Question 1: State the nature of acceleration acting on the shot-put ball after it leaves the athlete's hand, and write its components along x and y directions.

After projection, the only acceleration acting on the ball is due to gravity, directed vertically downward with magnitude g.
The horizontal component of acceleration ax = 0, since no force acts in the horizontal direction (air resistance neglected).
The vertical component ay = −g (taking upward as positive), so the vertical velocity decreases on the way up and increases on the way down.

Question 2: Calculate the maximum height reached by the ball and the total time of flight. (g = 9.8 m/s²)

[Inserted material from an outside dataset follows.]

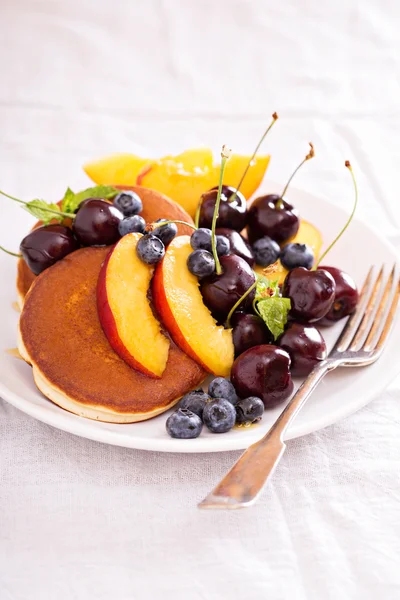 Çekirdekli meyveler ile Pancakes — Stok fotoğraf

At 45°: v0 sin θ0 = 14 × sin 45° = 14/√2 ≈ 9.9 m/s.
Maximum height hm = (v0 sin θ0)²/(2g) = (9.9)²/(2 × 9.8) = 98.01/19.6 ≈ 5.0 m.
Time of flight Tf = 2v0 sin θ0/g = 2 × 9.9/9.8 ≈ 2.02 s.

Question 3: Calculate the horizontal range and explain why 45° gives the maximum range for a given initial speed.

Range R = v0² sin 2θ0/g = (14)² × sin 90°/9.8 = 196/9.8 = 20 m.
R is maximum when sin 2θ0 = 1, i.e., 2θ0 = 90°, so θ0 = 45°; at this angle the product of horizontal speed and time of flight is maximised.
For θ0 < 45°, the time of flight is short; for θ0 > 45°, the horizontal speed component is small — at 45° the balance between these two factors gives the greatest range Rm = v0²/g.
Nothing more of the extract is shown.